ICW dan KontraS Laporkan 43 Polisi ke KPK Terkait Dugaan Pemerasan Rp26,2 Miliar

Ameera
Rabu, 24 Desember 2025 / 4 Rajab 1447 11:48
ICW dan KontraS Laporkan 43 Polisi ke KPK Terkait Dugaan Pemerasan Rp26,2 Miliar
ICW dan KontraS Laporkan 43 Polisi ke KPK Terkait Dugaan Pemerasan Rp26,2 Miliar

JAKARTA (Arrahmah.id) - Indonesia Corruption Watch (ICW) bersama Komisi untuk Orang Hilang dan Korban Tindak Kekerasan (KontraS) melaporkan sebanyak 43 personel Kepolisian Negara Republik Indonesia (Polri) ke Komisi Pemberantasan Korupsi (KPK) atas dugaan tindak pidana pemerasan.

Kepala Divisi Hukum dan Investigasi ICW, Wana Alamsyah, mengatakan laporan tersebut mencakup dugaan pemerasan dengan total nilai mencapai Rp26,2 miliar yang terjadi dalam rentang waktu 2022 hingga 2025.

Dugaan pemerasan itu disebut terjadi dalam empat kasus berbeda.

“Empat kasus tersebut antara lain, pertama, kasus pembunuhan.
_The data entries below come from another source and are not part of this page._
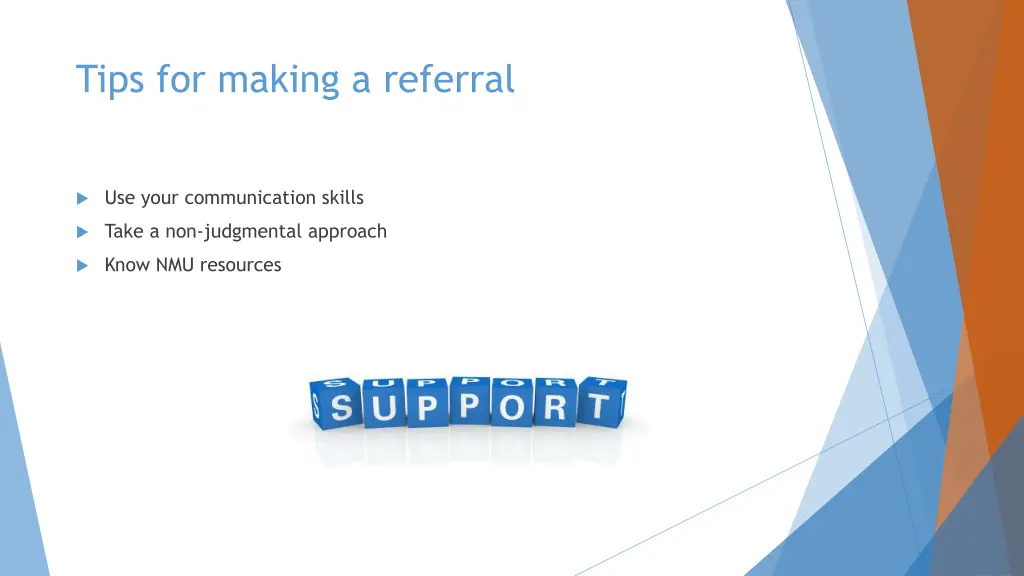 tips for making a referral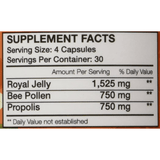 Parker Naturals BEST Bee Pollen, Royal Jelly and Propolis - 120 Cápsulas - Haz Tu Pedido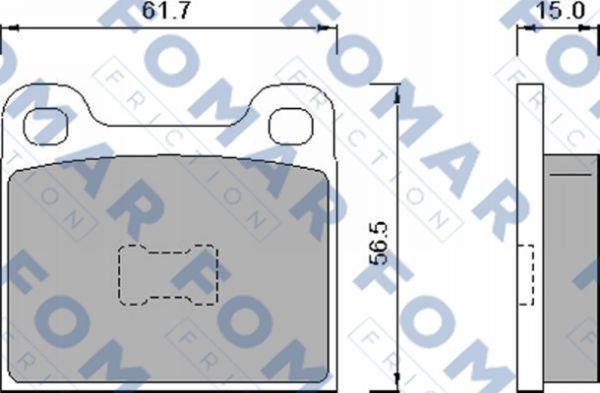 FOMAR Friction FO 460888 - Kit de plaquettes de frein, frein à disque cwaw.fr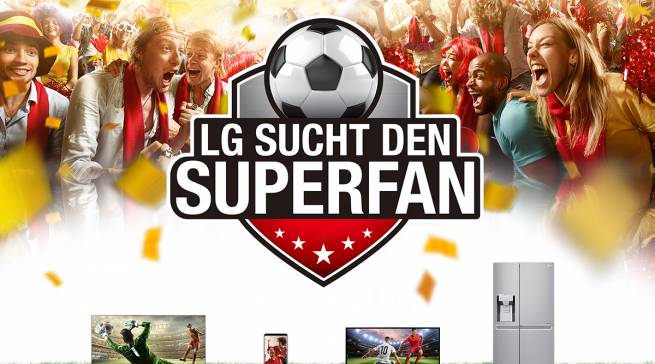LG kürte den WM-Super Fan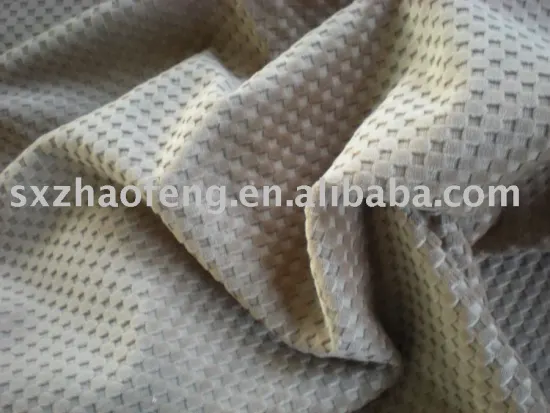 woven twill 100% cotton lattice velveteen for sofa fabric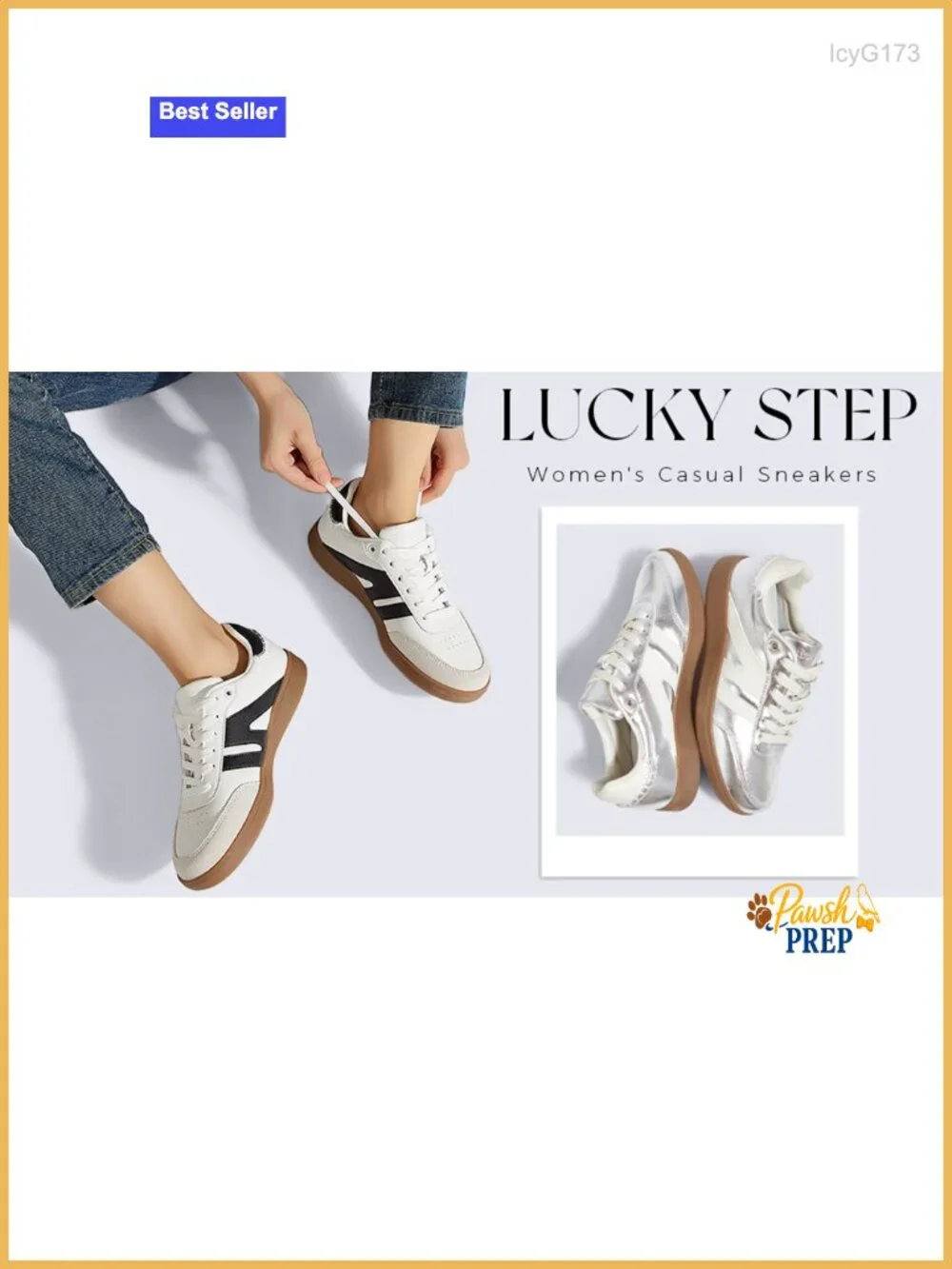 Genuine Leather & Suede Retro Fashion Sneakers - Anti-Slip Gum Sole Lace-Up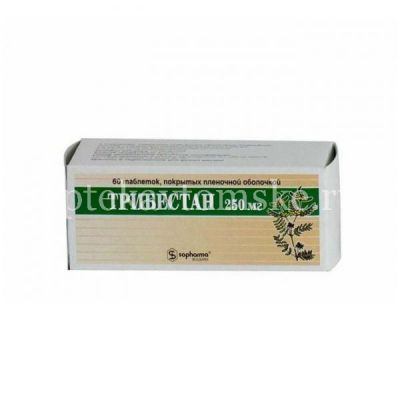 Трибестан таб. п/пл. об. 250мг №60 (Sopharma/Болгария)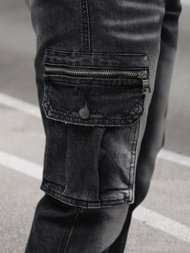 Herren Jogger Jeanshose Schwarz OZONEE NB/MP0108N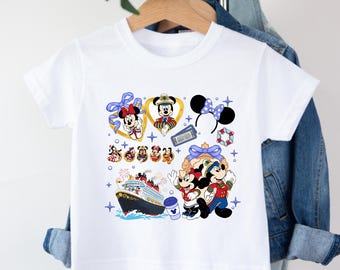 Mouse Cruise Ship Shirt, Mickey Minnie Disney Cruise Line Shirt, Disney Cruise Group Tee ,Mickey And Minnie Cruising T-shirt Disney Vacation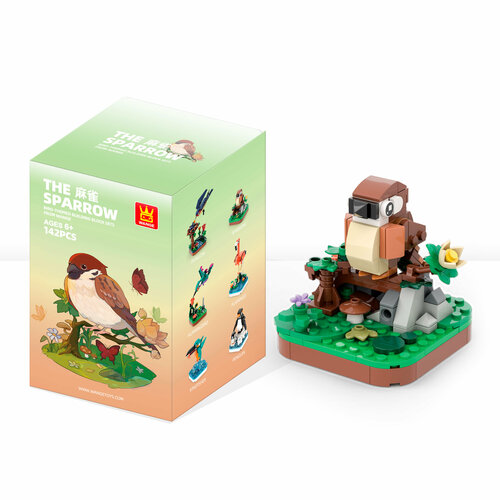 Конструктор Wange Воробей 142 дет деталей пластик легосовместимый 329₽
Kedua, kasus terkait penyelenggaraan konser DWP. Ketiga, pemerasan yang dilakukan di wilayah Semarang, Jawa Tengah, yang melibatkan anggota kepolisian dengan korban remaja. Terakhir, kasus pemerasan terkait jual beli jam tangan,” ujar Wana di halaman Gedung Merah Putih KPK, Jakarta, Selasa (23/12/2025).

Wana menjelaskan, 43 personel Polri yang dilaporkan ke KPK terdiri atas 14 anggota bintara dan 29 perwira.

Menurutnya, laporan ini diajukan ke KPK setelah Komisi Kode Etik Polri lebih dahulu menjatuhkan sanksi etik terhadap seluruh personel yang diduga terlibat.

ICW dan KontraS memandang sanksi etik tersebut menjadi yurisprudensi awal yang seharusnya membuka ruang bagi KPK untuk mengusut dugaan tindak pidana korupsi secara pidana.

Ia merujuk pada Pasal 11 ayat (1) huruf a Undang-Undang KPK yang memberikan kewenangan kepada KPK untuk melakukan penyelidikan, penyidikan, dan penuntutan terhadap tindak pidana korupsi yang melibatkan aparat penegak hukum.

“Pasal tersebut secara tegas mengatur bahwa KPK berwenang menangani dugaan korupsi yang melibatkan aparat penegak hukum, terutama Kepolisian dan Kejaksaan,” kata Wana.

Ia menegaskan, jika laporan tersebut tidak ditindaklanjuti oleh KPK, maka hal itu dapat menjadi preseden buruk bagi penegakan hukum di Indonesia.

ICW dan KontraS khawatir praktik pemerasan oleh aparat penegak hukum akan dinormalisasi dan hanya dipandang sebagai pelanggaran etik semata.

“Kami khawatir kasus-kasus seperti ini akan dinormalisasi, sehingga pada akhirnya hanya dijadikan sebagai pelanggaran etik tanpa proses pidana,” ujarnya.

Wana juga menyoroti fakta bahwa sejumlah personel Polri yang telah dijatuhi sanksi etik justru mendapatkan promosi jabatan.

Salah satunya adalah seorang perwira berinisial RI yang disebut memperoleh promosi setelah dikenai sanksi etik.

Menurut Wana, kondisi tersebut pula yang menjadi alasan ICW dan KontraS memilih melaporkan dugaan pemerasan ini langsung ke KPK, bukan ke Korps Pemberantasan Tindak Pidana Korupsi (Kortas Tipidkor) Polri.

“Situasi ini menunjukkan adanya masalah serius dalam akuntabilitas internal, sehingga kami memandang perlu ada penanganan oleh lembaga independen,” pungkasnya.